◆ **Your task**
Using the listing below, output only the lines from the one that contains "デジタル画像診断システム" through the one that contains "Nizoral Hair Regrowth", inclusive, exactly as given and without images.

------ Input records ------

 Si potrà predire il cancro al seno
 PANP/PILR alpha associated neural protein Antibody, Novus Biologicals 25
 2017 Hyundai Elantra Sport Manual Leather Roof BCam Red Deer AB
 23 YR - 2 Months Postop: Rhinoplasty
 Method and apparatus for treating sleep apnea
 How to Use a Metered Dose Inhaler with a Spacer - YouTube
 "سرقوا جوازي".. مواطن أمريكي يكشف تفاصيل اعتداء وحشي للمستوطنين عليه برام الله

------
------ Input records ------

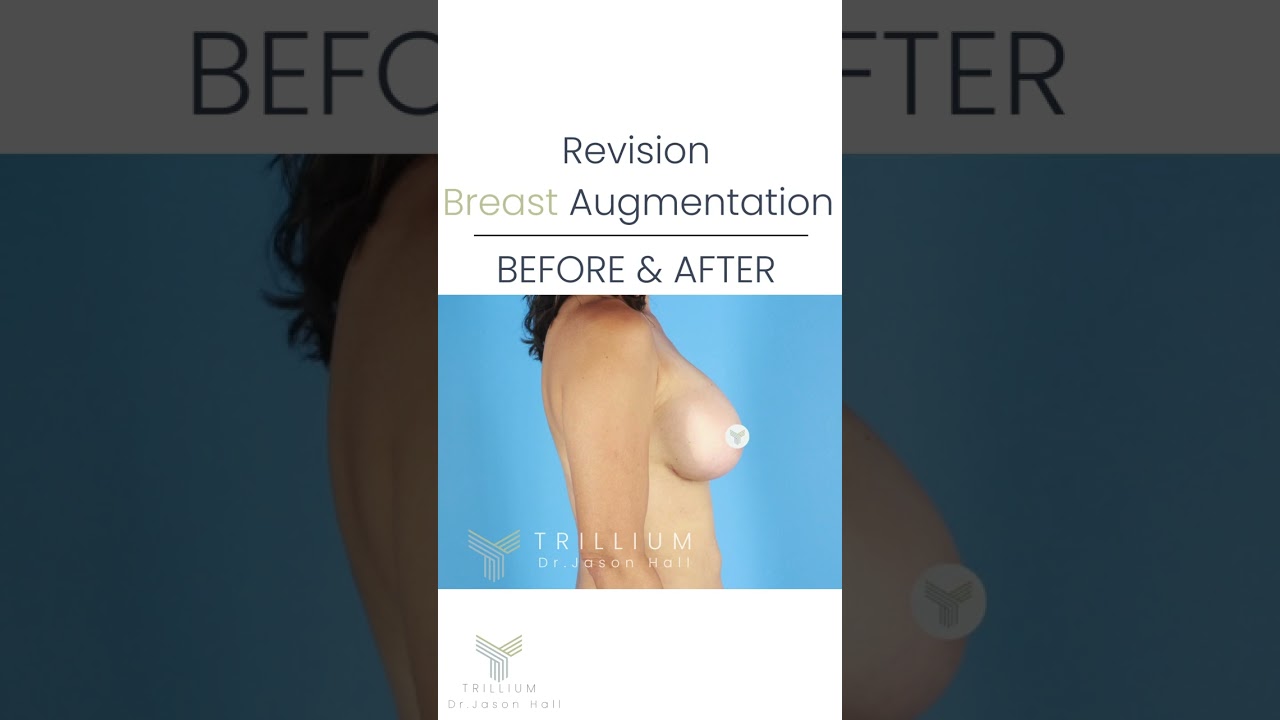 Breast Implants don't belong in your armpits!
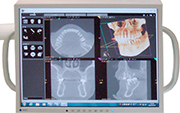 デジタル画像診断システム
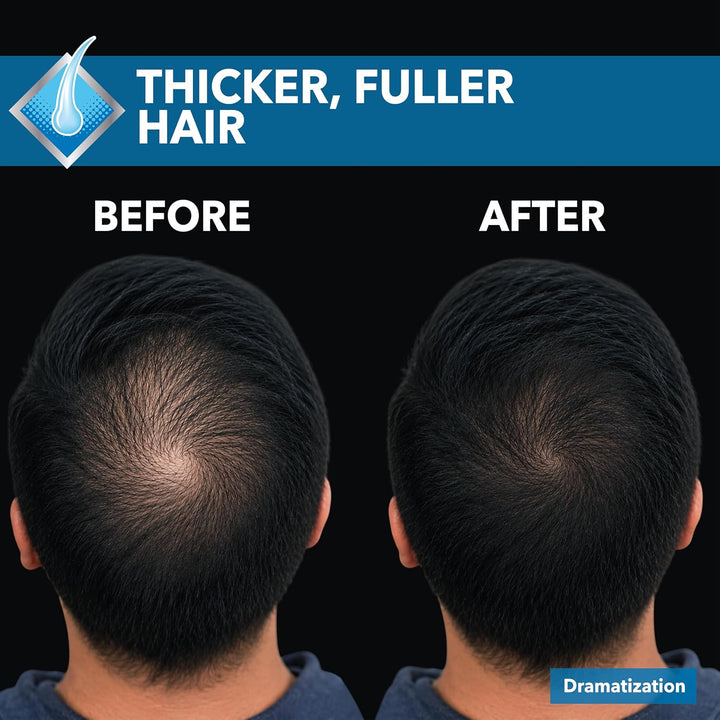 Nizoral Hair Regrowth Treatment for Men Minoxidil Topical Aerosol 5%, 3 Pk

------

◆ **Finished exercise**
 デジタル画像診断システム
 Nizoral Hair Regrowth Treatment for Men Minoxidil Topical Aerosol 5%, 3 Pk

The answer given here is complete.